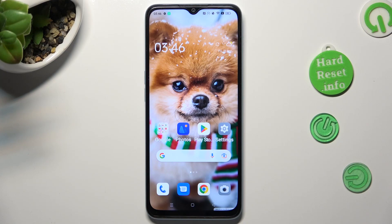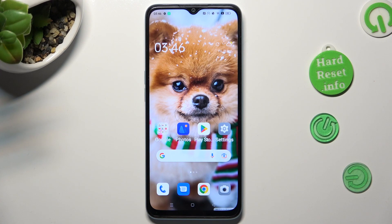Hi, in front of me is the Oppo A78 5G, and today I would like to show you how you can select and delete multiple photos at once.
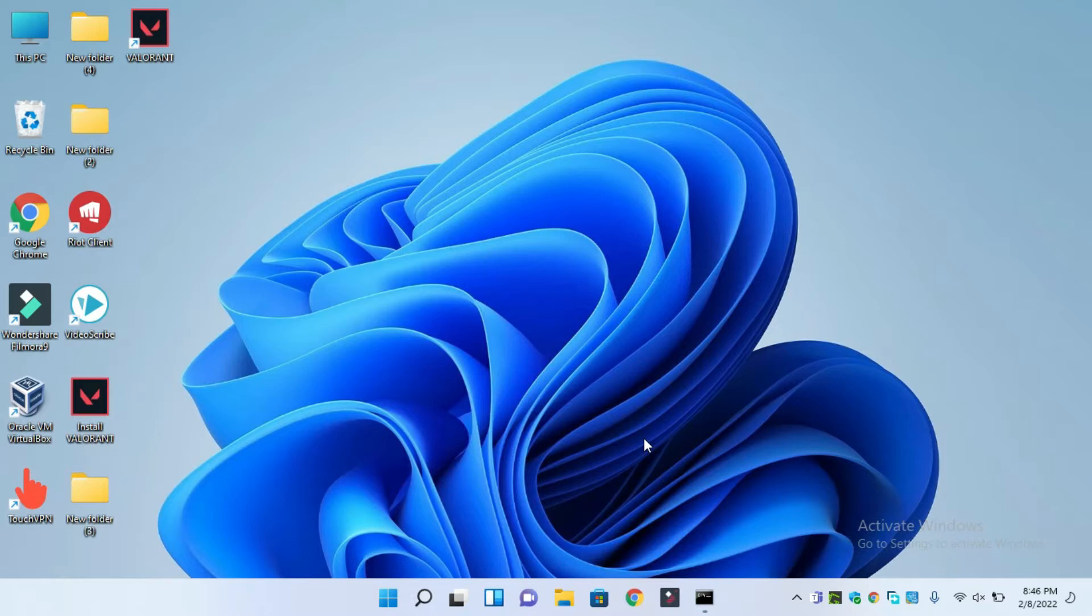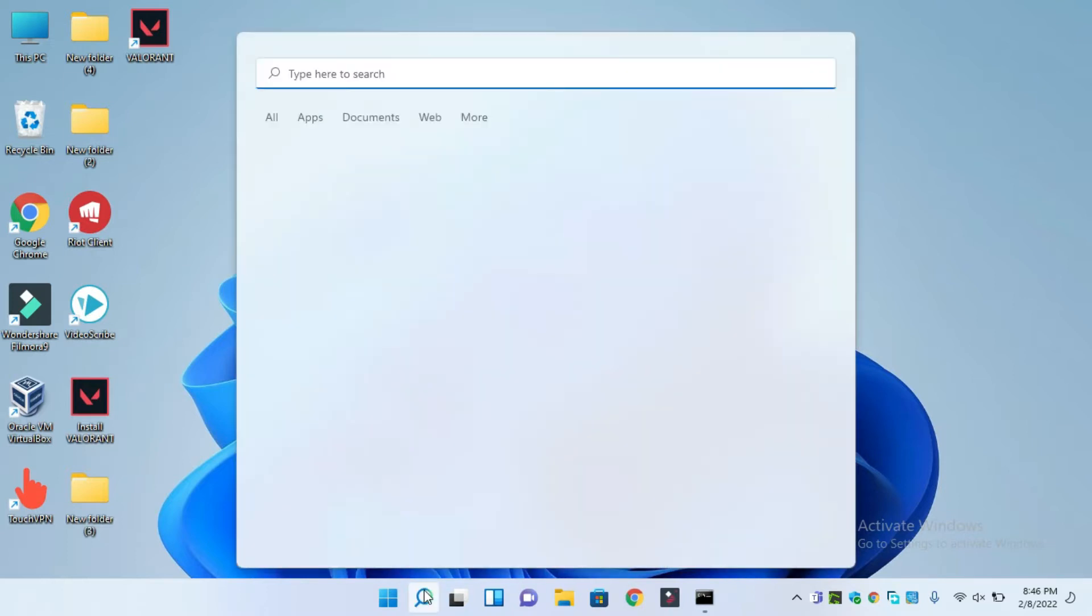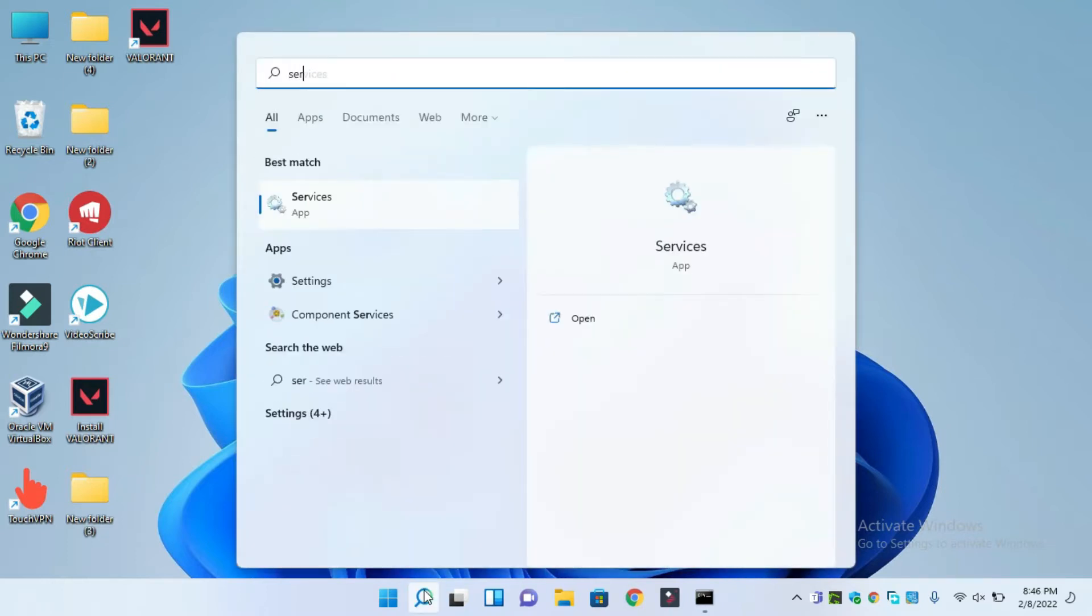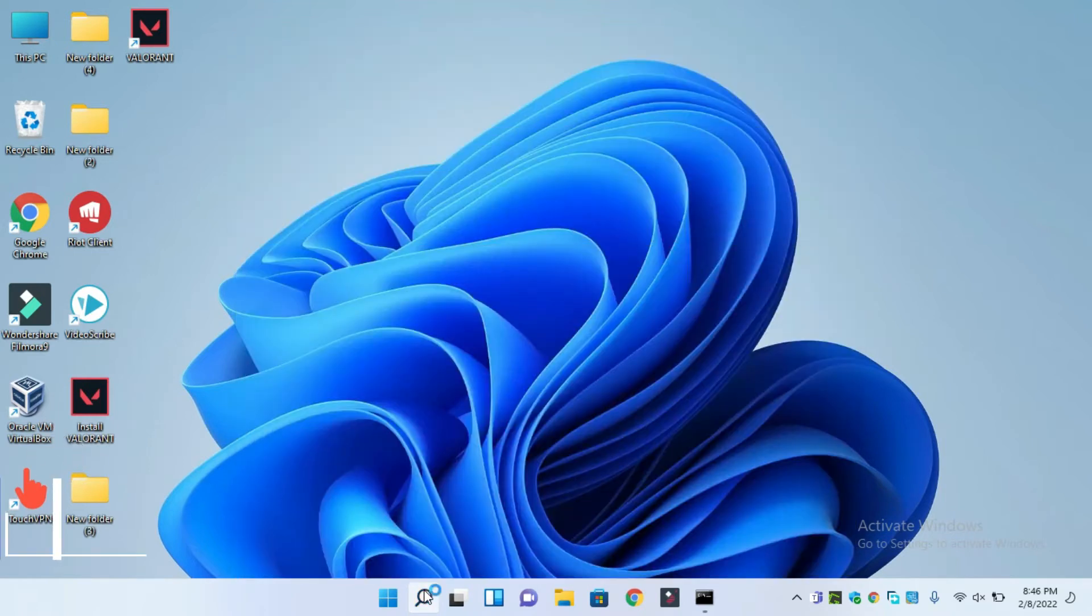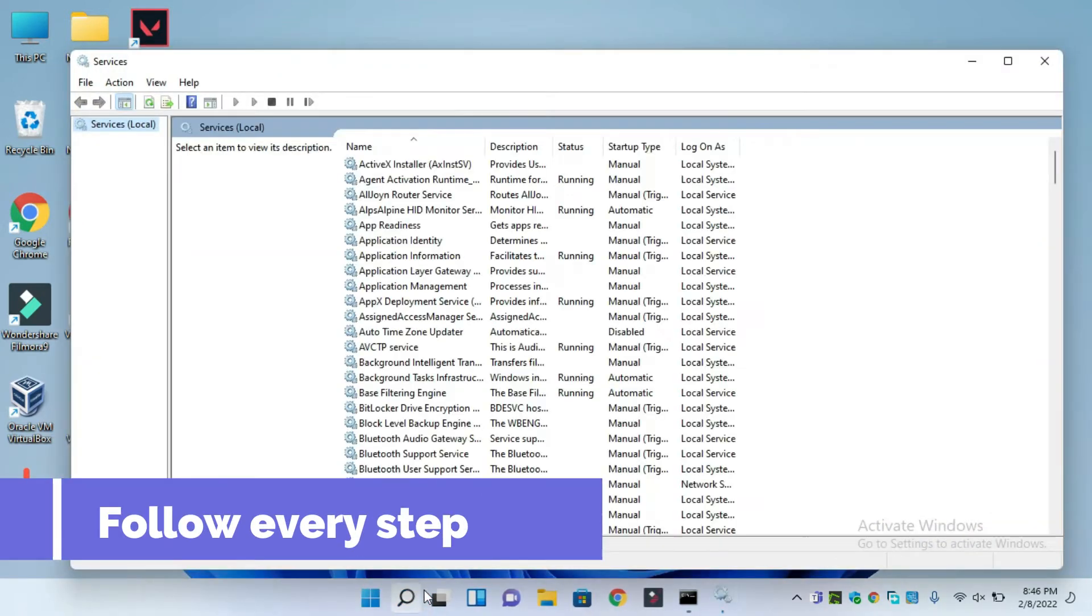To fix Valorant error code 43128 57 or 5 on Windows 11, simply first of all just open services menu and just do the same as I am showing you in this video to fix these problems.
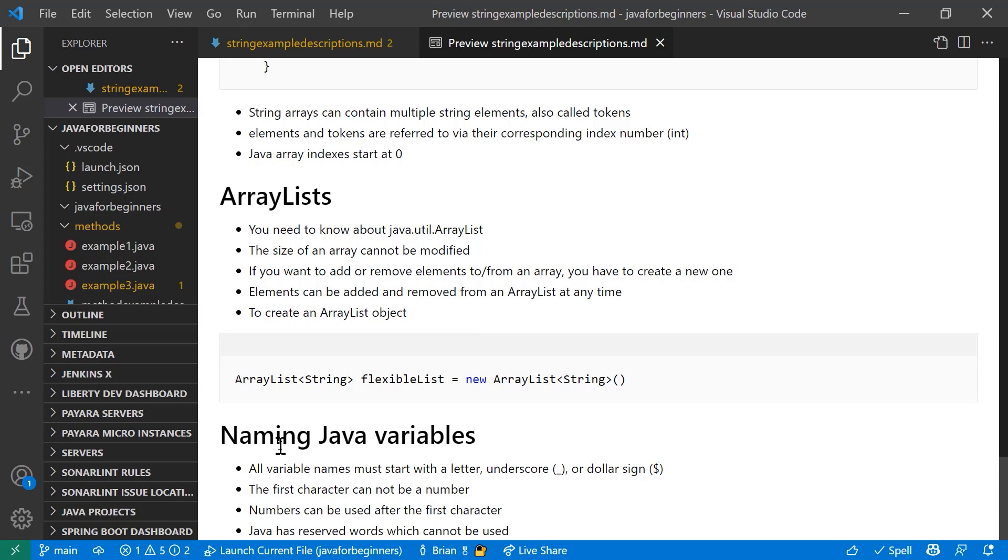Naming Java variables. Let's wrap up with this. It's very important and it applies to all variables. All variable names will start with letter, underscore, or dollar sign. The first letter cannot be a number. You can use a number in your name, but it can't be the first character in your variable name. And Java has reserved words which cannot be used. You can search those, they're out there, there's quite a few of them. But you also, in your IDE if it's any good, will tell you if you're using a reserved word when you try to use it.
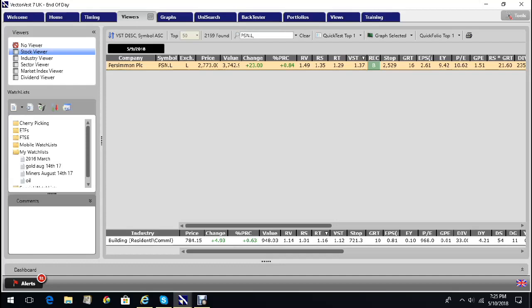The relative value, which is a measure of the price potential over a window of three years in relation to a triple A rated corporate bond, on a scale between zero and two at 1.49, is excellent.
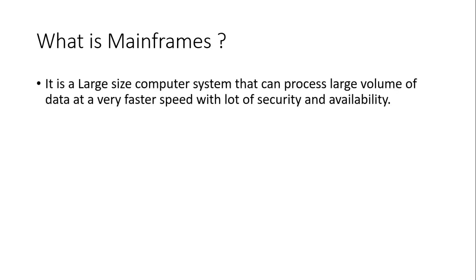What is mainframes? It is a large size computer system that can process large volume of data at a very faster speed with a lot of security and availability.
☆ ☆ ☆ ☆ ☆ ☆ ☆
__Problem statement__
Pictures stay out. Transcribe the lines from the start of the entries above through the line with "The relative value, which", exactly.

__Exercise output__
Hi, in front of me is the Oppo A78 5G, and today I would like to show you how you can select and delete multiple photos at once.
To fix Valorant error code 43128 57 or 5 on Windows 11, simply first of all just open services menu and just do the same as I am showing you in this video to fix these problems.
Naming Java variables. Let's wrap up with this. It's very important and it applies to all variables. All variable names will start with letter, underscore, or dollar sign. The first letter cannot be a number. You can use a number in your name, but it can't be the first character in your variable name. And Java has reserved words which cannot be used. You can search those, they're out there, there's quite a few of them. But you also, in your IDE if it's any good, will tell you if you're using a reserved word when you try to use it.
The relative value, which is a measure of the price potential over a window of three years in relation to a triple A rated corporate bond, on a scale between zero and two at 1.49, is excellent.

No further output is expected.